First Time Running the CNC Router

Now that the machine is fully assembled, I could connect all the wiring, power up the machine, and drive it around a bit!

Complete DIY CNC Router

I didn’t mention in prior posts, but in between other steps while waiting for glue and/or epoxy to dry I worked on the electronics. I soldered together the serial connectors and resistors for the steppers, wired up the power supply, then connected everything to the Gecko G540 and an old PC. I installed Linux CNC on the PC and ran through the setup wizard. I was able to run the steppers and test everything out on the bench before they were installed on the router.

I started the machine checkout by driving each axis back and forth manually, checking the travel to ensure the actual travel matched the commanded distance. It did not match at first and I believe had to go back and change the microstep settings.

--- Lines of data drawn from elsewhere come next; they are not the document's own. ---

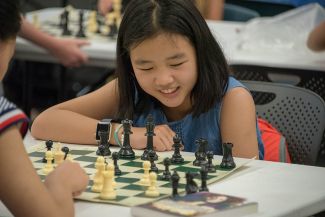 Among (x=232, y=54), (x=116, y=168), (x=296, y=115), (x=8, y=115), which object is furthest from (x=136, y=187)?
(x=232, y=54)

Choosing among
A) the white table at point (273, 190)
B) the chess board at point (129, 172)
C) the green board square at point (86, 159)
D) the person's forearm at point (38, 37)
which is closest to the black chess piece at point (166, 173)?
the chess board at point (129, 172)

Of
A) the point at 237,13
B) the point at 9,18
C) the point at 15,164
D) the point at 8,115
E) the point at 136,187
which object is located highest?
the point at 237,13

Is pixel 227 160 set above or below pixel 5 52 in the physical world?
below

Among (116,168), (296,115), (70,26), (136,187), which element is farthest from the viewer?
(70,26)

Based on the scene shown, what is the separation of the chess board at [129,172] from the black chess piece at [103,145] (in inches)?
1.0

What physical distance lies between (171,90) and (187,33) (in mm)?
220

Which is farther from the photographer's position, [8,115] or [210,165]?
[210,165]

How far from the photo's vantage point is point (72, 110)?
131 inches

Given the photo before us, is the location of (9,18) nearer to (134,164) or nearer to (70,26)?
(134,164)

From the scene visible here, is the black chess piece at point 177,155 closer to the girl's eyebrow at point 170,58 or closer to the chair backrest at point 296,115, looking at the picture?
the girl's eyebrow at point 170,58

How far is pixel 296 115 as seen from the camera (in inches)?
140

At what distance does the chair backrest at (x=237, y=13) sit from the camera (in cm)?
634

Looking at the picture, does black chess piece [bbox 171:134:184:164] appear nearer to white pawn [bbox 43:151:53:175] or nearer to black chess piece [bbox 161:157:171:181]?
black chess piece [bbox 161:157:171:181]

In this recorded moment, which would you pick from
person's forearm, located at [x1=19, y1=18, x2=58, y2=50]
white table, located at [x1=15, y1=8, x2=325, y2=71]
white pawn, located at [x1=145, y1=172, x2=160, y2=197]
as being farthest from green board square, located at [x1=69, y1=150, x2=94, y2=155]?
person's forearm, located at [x1=19, y1=18, x2=58, y2=50] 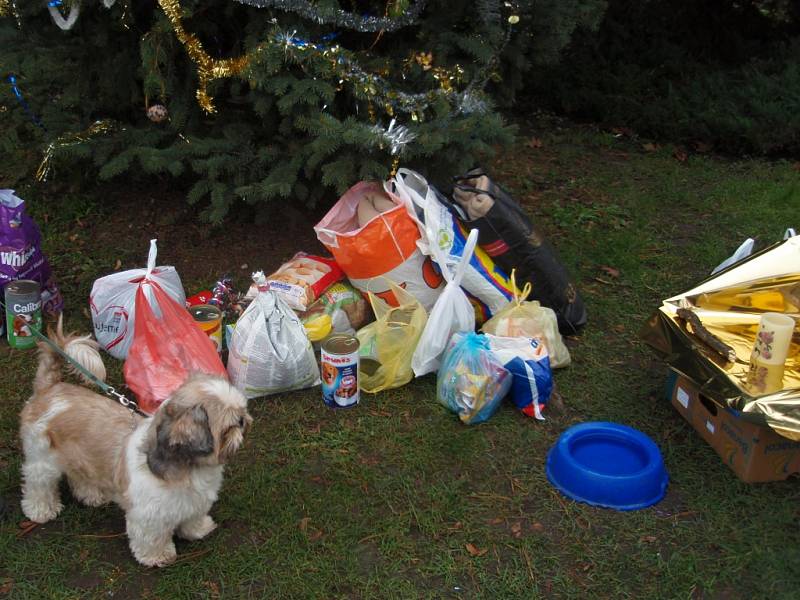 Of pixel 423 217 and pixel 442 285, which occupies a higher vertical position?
pixel 423 217

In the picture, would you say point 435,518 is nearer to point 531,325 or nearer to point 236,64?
point 531,325

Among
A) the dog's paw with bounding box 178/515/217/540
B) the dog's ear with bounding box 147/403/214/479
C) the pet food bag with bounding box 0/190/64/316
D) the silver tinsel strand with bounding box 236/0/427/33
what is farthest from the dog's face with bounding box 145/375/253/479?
the silver tinsel strand with bounding box 236/0/427/33

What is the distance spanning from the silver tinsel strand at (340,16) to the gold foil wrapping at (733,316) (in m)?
2.18

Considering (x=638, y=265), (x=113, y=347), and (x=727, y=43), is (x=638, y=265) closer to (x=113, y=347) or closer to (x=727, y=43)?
(x=113, y=347)

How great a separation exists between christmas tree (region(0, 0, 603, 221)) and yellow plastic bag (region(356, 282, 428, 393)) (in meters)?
0.82

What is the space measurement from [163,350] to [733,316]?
2.71 meters

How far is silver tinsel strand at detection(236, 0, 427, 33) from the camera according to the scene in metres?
4.13

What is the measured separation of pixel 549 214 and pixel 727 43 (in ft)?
11.7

With the distance corrected, I slowly increased speed and nervously continued to drive each axis back and forth, faster and faster. I homed each axis and set up conservative soft limits so I wouldn’t accidentally run the machine off the end of an axis. Everything looked good, and I was able to get up to the maximum speed, as limited by Linux CNC, based on the conservative latency settings I had entered. This was about 12500 mm/min or about 500 ipm. I may try increasing the maximum step rate settings (lowering my conservative jitter setting), but for now this is plenty fast. Per my design calculations, it should be able to run significantly faster.

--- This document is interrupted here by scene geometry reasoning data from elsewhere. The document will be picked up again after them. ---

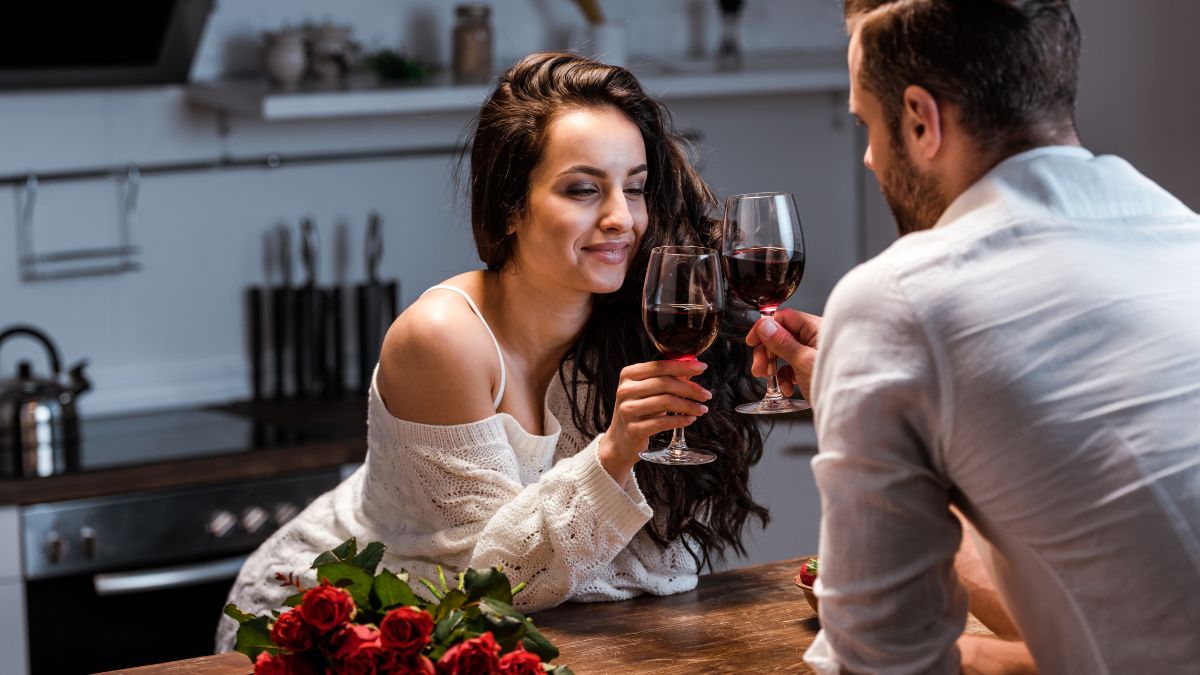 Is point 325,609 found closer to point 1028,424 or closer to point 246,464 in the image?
point 1028,424

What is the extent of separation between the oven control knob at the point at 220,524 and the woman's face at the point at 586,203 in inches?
49.7

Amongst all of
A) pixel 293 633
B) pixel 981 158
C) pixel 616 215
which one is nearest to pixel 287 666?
pixel 293 633

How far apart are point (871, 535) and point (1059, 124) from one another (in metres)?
0.37

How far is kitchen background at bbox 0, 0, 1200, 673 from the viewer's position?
3.09 metres

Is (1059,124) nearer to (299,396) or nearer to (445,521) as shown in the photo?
(445,521)

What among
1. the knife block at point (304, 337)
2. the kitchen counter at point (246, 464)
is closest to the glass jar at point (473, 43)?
the knife block at point (304, 337)

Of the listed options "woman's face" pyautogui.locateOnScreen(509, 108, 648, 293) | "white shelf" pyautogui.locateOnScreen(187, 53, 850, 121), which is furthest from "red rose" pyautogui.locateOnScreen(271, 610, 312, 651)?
"white shelf" pyautogui.locateOnScreen(187, 53, 850, 121)

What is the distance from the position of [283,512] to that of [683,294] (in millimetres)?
1710

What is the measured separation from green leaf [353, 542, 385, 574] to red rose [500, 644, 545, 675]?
20 centimetres

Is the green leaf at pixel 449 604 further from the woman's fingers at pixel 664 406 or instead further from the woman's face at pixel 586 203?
the woman's face at pixel 586 203

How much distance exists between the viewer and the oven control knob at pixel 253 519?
3.02 m

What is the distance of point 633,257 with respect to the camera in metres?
2.03

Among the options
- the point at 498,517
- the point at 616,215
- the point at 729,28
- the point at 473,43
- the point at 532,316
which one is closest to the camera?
the point at 498,517

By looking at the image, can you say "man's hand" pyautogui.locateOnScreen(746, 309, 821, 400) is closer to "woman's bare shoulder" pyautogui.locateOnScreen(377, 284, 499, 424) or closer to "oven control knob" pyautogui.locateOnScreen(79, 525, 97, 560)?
"woman's bare shoulder" pyautogui.locateOnScreen(377, 284, 499, 424) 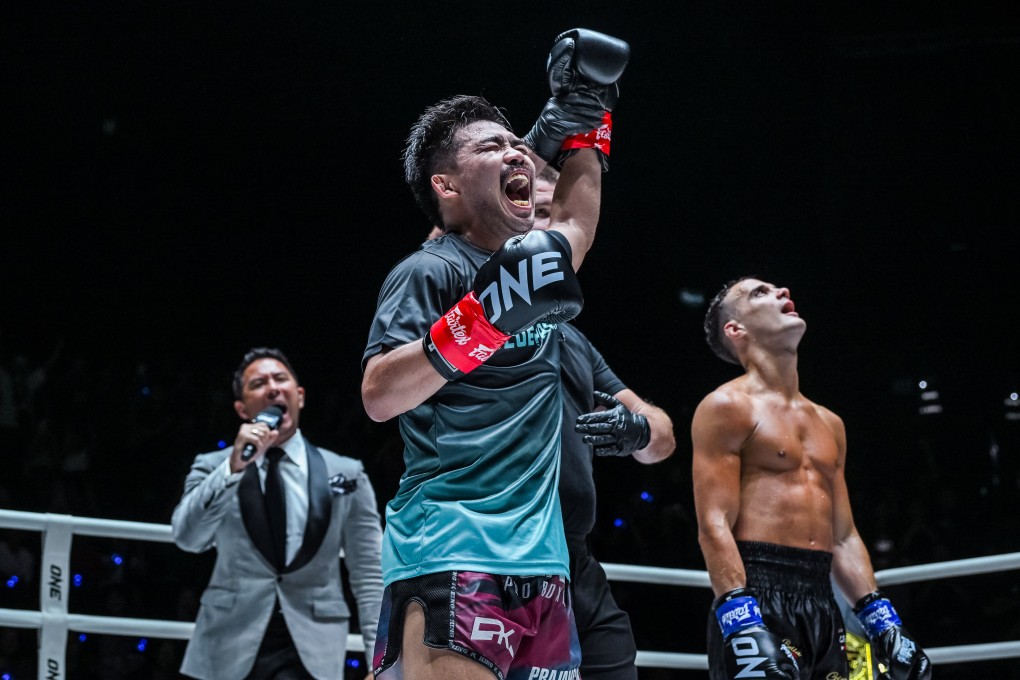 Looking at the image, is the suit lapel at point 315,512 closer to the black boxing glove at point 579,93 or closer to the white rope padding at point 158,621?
the white rope padding at point 158,621

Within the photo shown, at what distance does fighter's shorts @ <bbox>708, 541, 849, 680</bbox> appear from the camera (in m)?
2.79

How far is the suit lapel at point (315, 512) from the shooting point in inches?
119

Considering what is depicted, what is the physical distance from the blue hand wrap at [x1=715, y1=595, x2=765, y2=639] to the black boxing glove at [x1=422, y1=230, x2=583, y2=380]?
1.58 metres

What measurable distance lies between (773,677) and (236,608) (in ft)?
4.80

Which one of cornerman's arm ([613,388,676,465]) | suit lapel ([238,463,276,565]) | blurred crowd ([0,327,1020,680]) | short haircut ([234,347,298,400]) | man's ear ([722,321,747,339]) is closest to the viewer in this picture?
cornerman's arm ([613,388,676,465])

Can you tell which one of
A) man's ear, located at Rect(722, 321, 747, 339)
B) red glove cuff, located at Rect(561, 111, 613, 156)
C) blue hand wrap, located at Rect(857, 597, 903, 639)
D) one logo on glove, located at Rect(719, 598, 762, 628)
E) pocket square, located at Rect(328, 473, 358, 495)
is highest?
man's ear, located at Rect(722, 321, 747, 339)

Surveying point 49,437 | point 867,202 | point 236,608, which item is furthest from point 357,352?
point 236,608

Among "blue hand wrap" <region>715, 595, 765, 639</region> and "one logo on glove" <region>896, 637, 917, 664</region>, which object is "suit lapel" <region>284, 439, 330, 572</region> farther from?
"one logo on glove" <region>896, 637, 917, 664</region>

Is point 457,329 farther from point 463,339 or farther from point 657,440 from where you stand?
point 657,440

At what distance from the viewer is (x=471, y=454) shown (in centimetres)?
138

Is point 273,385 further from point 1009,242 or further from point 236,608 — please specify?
point 1009,242

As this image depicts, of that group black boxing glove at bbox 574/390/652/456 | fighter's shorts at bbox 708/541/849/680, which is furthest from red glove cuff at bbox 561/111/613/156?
fighter's shorts at bbox 708/541/849/680

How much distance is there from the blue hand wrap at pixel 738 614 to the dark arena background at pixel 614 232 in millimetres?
3263

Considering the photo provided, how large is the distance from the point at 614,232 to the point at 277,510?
4786 mm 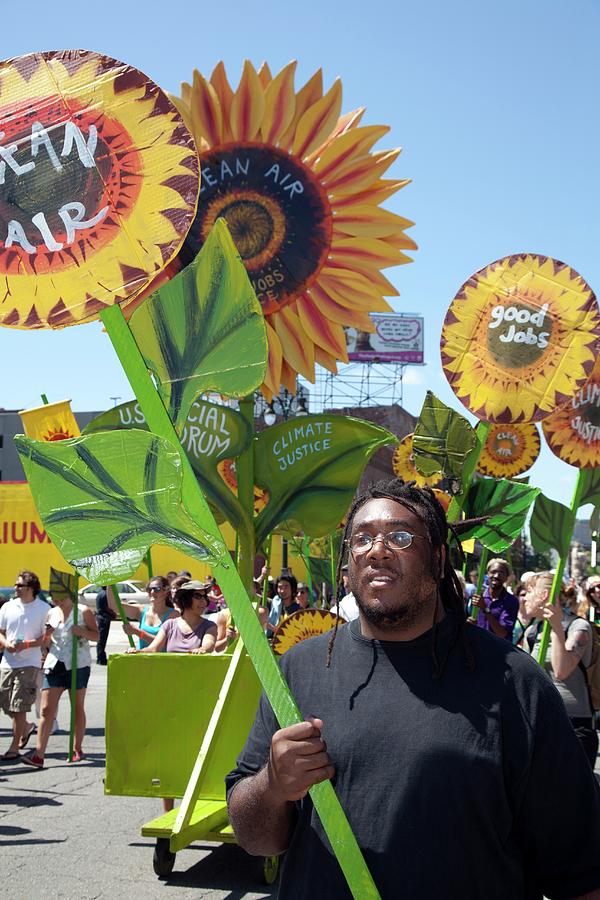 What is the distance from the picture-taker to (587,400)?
706 centimetres

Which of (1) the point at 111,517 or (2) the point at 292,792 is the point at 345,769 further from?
(1) the point at 111,517

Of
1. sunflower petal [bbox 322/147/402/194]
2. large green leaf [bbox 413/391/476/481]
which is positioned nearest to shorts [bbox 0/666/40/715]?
large green leaf [bbox 413/391/476/481]

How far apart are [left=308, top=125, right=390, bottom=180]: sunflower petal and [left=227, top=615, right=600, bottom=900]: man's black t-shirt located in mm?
3010

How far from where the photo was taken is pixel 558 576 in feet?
18.8

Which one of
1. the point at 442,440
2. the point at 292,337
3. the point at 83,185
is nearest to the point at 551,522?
the point at 442,440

With everything working well in manual mode, I loaded one of the sample files that came in Linux CNC and ran some test “cuts” through the air. First 2D, then some 3D profiling. That was really exciting to see the machine running around for the first time on its own! I had to call my wife out to the workshop to watch it with me, and lucky for me, she was equally excited to see it finally running!

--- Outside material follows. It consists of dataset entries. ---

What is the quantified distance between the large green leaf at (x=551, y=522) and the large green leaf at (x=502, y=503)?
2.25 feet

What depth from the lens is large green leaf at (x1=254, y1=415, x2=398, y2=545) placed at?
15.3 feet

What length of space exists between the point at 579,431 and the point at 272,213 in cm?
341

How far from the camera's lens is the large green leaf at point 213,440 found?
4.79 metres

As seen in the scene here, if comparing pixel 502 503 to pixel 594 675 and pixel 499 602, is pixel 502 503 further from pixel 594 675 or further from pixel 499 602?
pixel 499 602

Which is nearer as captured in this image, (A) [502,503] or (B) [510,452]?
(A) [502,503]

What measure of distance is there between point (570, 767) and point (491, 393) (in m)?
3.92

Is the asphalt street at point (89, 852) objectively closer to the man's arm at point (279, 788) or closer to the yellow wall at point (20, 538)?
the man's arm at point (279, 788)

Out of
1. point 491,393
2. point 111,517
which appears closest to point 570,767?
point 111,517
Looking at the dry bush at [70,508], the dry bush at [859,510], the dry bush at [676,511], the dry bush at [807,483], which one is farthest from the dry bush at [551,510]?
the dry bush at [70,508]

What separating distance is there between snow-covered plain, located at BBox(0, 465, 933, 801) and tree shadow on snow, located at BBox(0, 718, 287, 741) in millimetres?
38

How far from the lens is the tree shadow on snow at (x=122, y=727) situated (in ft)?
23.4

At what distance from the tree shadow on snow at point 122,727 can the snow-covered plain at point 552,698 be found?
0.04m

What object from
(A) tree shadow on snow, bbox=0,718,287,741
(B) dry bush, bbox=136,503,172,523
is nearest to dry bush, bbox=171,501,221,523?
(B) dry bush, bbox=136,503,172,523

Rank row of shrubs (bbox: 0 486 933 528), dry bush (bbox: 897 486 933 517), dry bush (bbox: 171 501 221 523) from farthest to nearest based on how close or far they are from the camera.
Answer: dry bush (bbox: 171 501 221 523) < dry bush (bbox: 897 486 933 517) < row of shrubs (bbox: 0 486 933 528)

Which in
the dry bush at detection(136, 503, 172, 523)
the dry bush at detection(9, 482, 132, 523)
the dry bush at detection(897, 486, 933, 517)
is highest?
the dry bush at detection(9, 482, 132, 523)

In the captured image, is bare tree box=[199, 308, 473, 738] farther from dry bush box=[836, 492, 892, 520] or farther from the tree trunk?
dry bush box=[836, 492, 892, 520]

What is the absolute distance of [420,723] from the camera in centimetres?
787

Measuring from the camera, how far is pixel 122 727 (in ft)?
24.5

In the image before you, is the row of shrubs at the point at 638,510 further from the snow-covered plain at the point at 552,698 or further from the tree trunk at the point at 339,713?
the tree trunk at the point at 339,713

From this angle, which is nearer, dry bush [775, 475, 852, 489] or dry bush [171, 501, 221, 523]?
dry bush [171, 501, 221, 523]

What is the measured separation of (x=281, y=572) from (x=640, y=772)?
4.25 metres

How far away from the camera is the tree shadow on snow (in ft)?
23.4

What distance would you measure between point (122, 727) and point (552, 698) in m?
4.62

My first “real” test was to install a pencil in the router collet and manually draw a square on a piece of paper, using the built-in set-distance jogs. I measured the sides of the square and compared the cross corner measurements to check accuracy and squareness of the machine. The distances looked dead on, but the squareness may be out by a few thousandths. I’ll have to make some proper cuts to be able to measure it more accurately.

Before I make any cuts, I want to install drag chains, a dust boot, the e-stop switch and perhaps some limit switches.